Airports in Belfast and Cardiff may be put up for sale by their Spanish owner.
Barcelona-based infrastructure firm Abertis said it was reviewing its 29-strong airport division which owns Belfast International and Cardiff airports, and operates Luton Airport under a long-term contract.
A spokesman for Abertis, which also has airports in Mexico, America and Sweden, said: "We have started a process of reviewing our airport division, including the possibility of a future sale of the division."
He said Abertis, which is listed on the Spanish stock exchange and also manages toll roads and telecommunications infrastructure, had appointed Citi and AZ Capital to look into the future of the division.
He said Belfast International was not up for sale. "It is something that could happen in the future, it is a possibility, but it has not happened yet," he said
The Spanish group, which made profits of 720 million euros (£472 million) in 2011, has seen passenger traffic hit by the economic woes of the country.
The possible sale comes after the recent lucrative sell-off of Stansted and Edinburgh airports by Heathrow Airport Holdings - formally BAA - in the wake of a Competition Commission ruling.

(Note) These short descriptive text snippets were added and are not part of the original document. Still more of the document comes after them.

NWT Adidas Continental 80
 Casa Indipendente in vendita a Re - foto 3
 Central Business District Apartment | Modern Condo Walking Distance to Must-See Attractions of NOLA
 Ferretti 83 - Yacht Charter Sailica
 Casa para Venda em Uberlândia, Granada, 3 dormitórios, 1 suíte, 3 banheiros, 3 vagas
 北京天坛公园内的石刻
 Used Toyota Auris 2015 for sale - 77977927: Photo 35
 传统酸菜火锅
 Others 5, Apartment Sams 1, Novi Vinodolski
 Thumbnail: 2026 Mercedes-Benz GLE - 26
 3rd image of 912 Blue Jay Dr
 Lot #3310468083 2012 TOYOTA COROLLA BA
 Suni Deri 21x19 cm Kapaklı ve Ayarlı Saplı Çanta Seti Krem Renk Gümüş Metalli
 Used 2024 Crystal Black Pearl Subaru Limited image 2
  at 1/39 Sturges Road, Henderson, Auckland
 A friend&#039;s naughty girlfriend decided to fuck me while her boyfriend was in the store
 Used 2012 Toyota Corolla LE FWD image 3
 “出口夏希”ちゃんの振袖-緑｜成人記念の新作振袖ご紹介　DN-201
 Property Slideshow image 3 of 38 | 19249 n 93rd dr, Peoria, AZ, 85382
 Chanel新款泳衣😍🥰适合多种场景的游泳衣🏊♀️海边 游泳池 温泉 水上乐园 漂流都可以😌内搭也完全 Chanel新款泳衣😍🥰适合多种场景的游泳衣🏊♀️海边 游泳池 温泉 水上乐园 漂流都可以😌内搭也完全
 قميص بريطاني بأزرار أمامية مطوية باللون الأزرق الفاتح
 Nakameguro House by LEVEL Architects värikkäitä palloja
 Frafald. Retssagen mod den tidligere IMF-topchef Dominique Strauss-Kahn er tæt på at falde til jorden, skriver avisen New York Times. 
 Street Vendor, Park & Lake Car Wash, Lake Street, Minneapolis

The Welsh government has already said it is looking at buying Cardiff airport, and it is thought to be close to a deal. The airport has seen passenger numbers halve since 2007, falling to one million last year. The potential sale of Luton Airport comes after a dispute between Abertis and the town's council.
Luton Borough Council, which owns the airport, threatened to end Abertis' contract - which runs until 2031 - in a dispute over its vision for developing the airport. But the two sides agreed a £100 million revamp of the airport last August.
Abertis acquired Belfast International Airport, which deals with around 12 million passengers a year, through its company TBI in 1996.